I50.32

Chronic diastolic heart failure

Chronic diastolic heart failure, clinically referred to as heart failure with preserved ejection fraction (HFpEF), is a progressive condition characterized by the heart's inability to relax and fill properly during the diastolic phase of the cardiac cycle. This is primarily due to increased stiffness or decreased compliance of the left ventricular myocardium. While the ejection fraction remains within the normal or near-normal range (typically ≥50%), the elevated filling pressures required to maintain cardiac output lead to pulmonary and systemic congestion. This condition is highly prevalent in aging populations and is frequently associated with systemic comorbidities such as hypertension and metabolic syndrome.

Clinical Symptoms

  • Exertional dyspnea (shortness of breath during physical activity)
  • Paroxysmal nocturnal dyspnea
  • Orthopnea (difficulty breathing while lying flat)
  • Exercise intolerance and generalized fatigue
  • Peripheral edema (swelling of ankles, feet, or legs)
  • Jugular venous distention
  • Pulmonary rales (crackles) on auscultation
  • Presence of an S4 heart sound (atrial gallop)
  • Ascites or abdominal swelling
  • Hepatomegaly (enlarged liver due to venous congestion)
  • Unexplained weight gain from fluid retention

Common Causes

  • Long-standing systemic hypertension
  • Myocardial aging and senile amyloidosis
  • Obesity and metabolic syndrome
  • Type 2 diabetes mellitus
  • Chronic kidney disease
  • Coronary artery disease (ischemia-induced impaired relaxation)
  • Restrictive cardiomyopathy
  • Hypertrophic cardiomyopathy
  • Obstructive sleep apnea
  • Sedentary lifestyle and physical deconditioning

Documentation & Coding Tips

Explicitly define both acuity and type of heart failure to support I50.32.

Example: Patient with known chronic diastolic heart failure (HFpEF) presents for follow-up. Currently stable on home regimen, no signs of acute exacerbation. Clinical documentation clearly specifies chronic status and diastolic nature of dysfunction.

Billing Focus: Documentation must specify both chronic and diastolic to ensure I50.32 is selected over unspecified (I50.9) or acute (I50.31) codes.

Incorporate Ejection Fraction (EF) values to validate preserved status.

Example: Transthoracic echocardiogram confirms chronic diastolic heart failure with a preserved ejection fraction of 55 percent and evidence of grade II diastolic dysfunction. No systolic impairment noted.

Billing Focus: While the code is determined by clinical terminology, documenting an EF over 50 percent supports the diastolic (HFpEF) clinical classification.

Document the NYHA Functional Classification for severity assessment.

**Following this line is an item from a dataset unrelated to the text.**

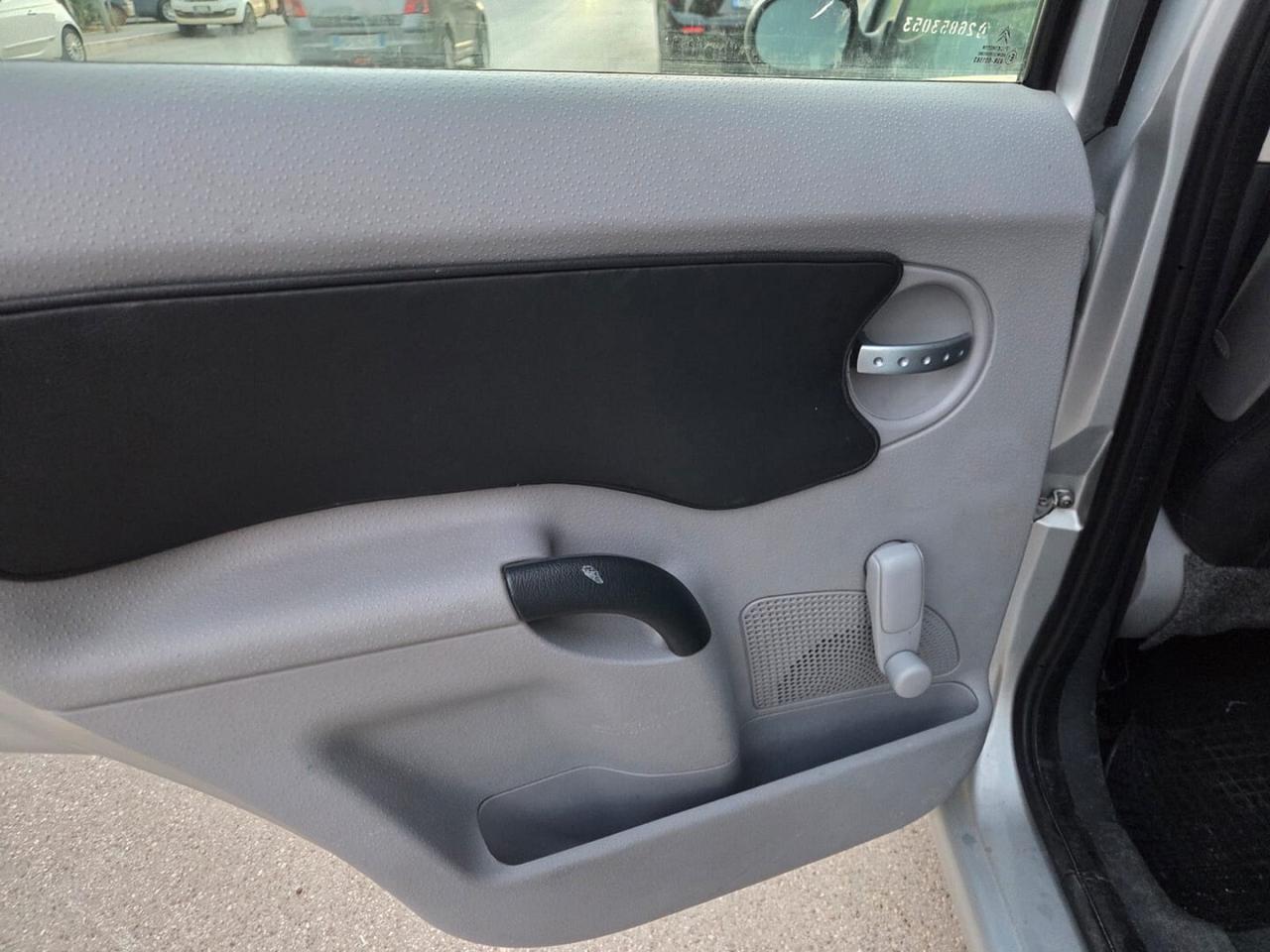 CITROEN C3 DIESEL SOLO 140.000Km UNICOPROPRIETARIO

Example: Chronic diastolic heart failure, currently NYHA Class II. Patient reports mild limitations during physical activity such as climbing two flights of stairs but is comfortable at rest.

Billing Focus: NYHA classification helps justify medical necessity for complex E/M levels and diagnostic testing like stress tests.

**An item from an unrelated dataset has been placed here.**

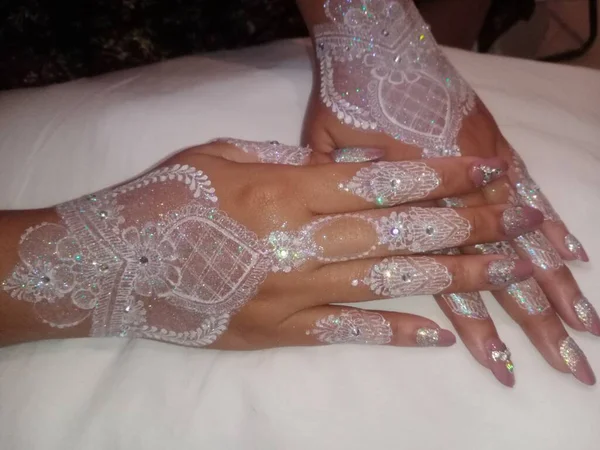 Anillos Boda Las Manos Una Hermosa Novia —  Fotos de Stock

Link comorbid conditions such as Hypertension or CKD using causative language.

Example: Hypertensive heart disease with chronic diastolic heart failure. Patient also has Stage 3a chronic kidney disease, likely secondary to long-standing hypertension and cardiorenal syndrome.

Billing Focus: Linking hypertension and heart failure triggers the use of I11.0, requiring the heart failure code (I50.32) as a secondary code.

Clarify the absence of acute symptoms to distinguish from acute on chronic status.

Example: Patient remains in the chronic phase of diastolic heart failure. No peripheral edema, no orthopnea, and no paroxysmal nocturnal dyspnea. Stable weight. Continue current diuretics.

Billing Focus: Ensures I50.32 is used instead of I50.33 (acute on chronic), which requires evidence of an active exacerbation.